I'm going through this source code for learning.
On line 81 I see the following code:
MaybeT . fmap Just $ locked .= False
I was puzzled by the use of the function composition so I loaded it in my repl and replaced it with function application
MaybeT $ fmap Just $ locked .= False
I'm very surprised these two pieces of code give the exact result.
Control.Monad.State.Class.MonadState Game m => MaybeT m ()

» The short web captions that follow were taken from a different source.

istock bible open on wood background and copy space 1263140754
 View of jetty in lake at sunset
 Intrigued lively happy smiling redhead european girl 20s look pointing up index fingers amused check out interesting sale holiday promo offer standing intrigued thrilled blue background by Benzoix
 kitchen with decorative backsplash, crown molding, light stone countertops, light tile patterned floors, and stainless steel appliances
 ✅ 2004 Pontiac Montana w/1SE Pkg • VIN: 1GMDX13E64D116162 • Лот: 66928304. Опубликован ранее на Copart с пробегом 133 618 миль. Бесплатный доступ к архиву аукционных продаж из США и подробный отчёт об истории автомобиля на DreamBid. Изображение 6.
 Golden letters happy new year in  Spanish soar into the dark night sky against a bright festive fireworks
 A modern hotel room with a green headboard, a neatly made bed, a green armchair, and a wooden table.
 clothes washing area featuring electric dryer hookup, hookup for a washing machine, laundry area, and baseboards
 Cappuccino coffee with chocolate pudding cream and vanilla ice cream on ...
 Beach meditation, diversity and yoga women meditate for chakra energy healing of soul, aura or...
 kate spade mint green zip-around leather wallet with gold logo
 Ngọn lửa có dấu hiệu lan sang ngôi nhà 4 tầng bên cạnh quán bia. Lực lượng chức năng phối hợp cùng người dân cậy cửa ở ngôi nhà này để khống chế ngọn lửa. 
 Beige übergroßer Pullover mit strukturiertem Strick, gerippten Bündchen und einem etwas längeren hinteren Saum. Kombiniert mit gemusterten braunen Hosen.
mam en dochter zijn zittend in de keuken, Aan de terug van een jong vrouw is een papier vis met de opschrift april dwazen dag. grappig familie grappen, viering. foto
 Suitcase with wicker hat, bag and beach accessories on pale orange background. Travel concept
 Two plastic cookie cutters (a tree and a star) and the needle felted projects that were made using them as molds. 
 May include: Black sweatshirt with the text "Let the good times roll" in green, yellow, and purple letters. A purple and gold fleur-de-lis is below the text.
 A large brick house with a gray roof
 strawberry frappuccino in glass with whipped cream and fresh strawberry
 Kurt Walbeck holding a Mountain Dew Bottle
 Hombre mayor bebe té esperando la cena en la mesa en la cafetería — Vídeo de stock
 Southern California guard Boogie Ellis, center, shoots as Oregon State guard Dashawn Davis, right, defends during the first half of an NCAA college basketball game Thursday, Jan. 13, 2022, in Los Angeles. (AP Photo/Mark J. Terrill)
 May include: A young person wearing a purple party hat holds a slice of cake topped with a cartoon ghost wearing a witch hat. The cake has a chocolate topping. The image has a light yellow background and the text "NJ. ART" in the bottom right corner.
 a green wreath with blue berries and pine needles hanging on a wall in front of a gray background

In fact, I can understand how function application ($) is producing this result but I'm floored as to how function composition (.) is producing this result. The signatures of these two functions are different and I think they should clearly produce different results if one replaces the other.
:t (.) :: (b -> c) -> (a -> b) -> a -> c
:t ($) :: (a -> b) -> a -> b
Can someone explain to me why the ($) and (.) are interchangeable in this case.
. has a higher precedence than $:
> :info ($)
($) :: (a -> b) -> a -> b -- Defined in ‘GHC.Base’
infixr 0 $
> :info (.)
(.) :: (b -> c) -> (a -> b) -> a -> c -- Defined in ‘GHC.Base’
infixr 9 .
So a $ b $ c $ d is a $ (b $ (c $ d)), but a . b . c $ d is (a . (b . c)) $ d.